◆ Problem to work on: With the line containing "Art Nouveau Floor" as the starting point, output the remaining lines of the data exactly as they are, through the last.

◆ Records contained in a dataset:
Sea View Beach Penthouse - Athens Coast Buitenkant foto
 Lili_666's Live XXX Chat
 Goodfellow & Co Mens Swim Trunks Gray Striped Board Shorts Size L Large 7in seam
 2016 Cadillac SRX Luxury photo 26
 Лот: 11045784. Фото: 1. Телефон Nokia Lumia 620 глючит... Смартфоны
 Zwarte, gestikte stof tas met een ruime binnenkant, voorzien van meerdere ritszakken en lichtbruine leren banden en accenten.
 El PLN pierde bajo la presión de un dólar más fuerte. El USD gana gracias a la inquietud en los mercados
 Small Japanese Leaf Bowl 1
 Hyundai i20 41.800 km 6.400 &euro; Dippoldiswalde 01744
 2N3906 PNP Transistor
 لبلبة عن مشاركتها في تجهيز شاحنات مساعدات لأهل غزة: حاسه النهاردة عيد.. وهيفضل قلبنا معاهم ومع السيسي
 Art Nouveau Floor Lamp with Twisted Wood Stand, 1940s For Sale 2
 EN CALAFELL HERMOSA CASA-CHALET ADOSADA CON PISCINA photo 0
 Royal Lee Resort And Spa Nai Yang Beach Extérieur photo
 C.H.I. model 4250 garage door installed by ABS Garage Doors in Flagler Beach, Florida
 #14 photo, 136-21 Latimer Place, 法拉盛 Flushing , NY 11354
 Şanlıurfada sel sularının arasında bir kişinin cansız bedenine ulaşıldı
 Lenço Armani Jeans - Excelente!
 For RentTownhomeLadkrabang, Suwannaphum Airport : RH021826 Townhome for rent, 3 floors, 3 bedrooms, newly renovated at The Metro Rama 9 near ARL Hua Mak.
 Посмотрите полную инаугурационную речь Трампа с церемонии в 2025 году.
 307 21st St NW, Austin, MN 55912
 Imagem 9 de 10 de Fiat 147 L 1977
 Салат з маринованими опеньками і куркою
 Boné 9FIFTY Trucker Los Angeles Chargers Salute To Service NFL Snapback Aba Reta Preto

◆ Answer space:
 Art Nouveau Floor Lamp with Twisted Wood Stand, 1940s For Sale 2
 EN CALAFELL HERMOSA CASA-CHALET ADOSADA CON PISCINA photo 0
 Royal Lee Resort And Spa Nai Yang Beach Extérieur photo
 C.H.I. model 4250 garage door installed by ABS Garage Doors in Flagler Beach, Florida
 #14 photo, 136-21 Latimer Place, 法拉盛 Flushing , NY 11354
 Şanlıurfada sel sularının arasında bir kişinin cansız bedenine ulaşıldı
 Lenço Armani Jeans - Excelente!
 For RentTownhomeLadkrabang, Suwannaphum Airport : RH021826 Townhome for rent, 3 floors, 3 bedrooms, newly renovated at The Metro Rama 9 near ARL Hua Mak.
 Посмотрите полную инаугурационную речь Трампа с церемонии в 2025 году.
 307 21st St NW, Austin, MN 55912
 Imagem 9 de 10 de Fiat 147 L 1977
 Салат з маринованими опеньками і куркою
 Boné 9FIFTY Trucker Los Angeles Chargers Salute To Service NFL Snapback Aba Reta Preto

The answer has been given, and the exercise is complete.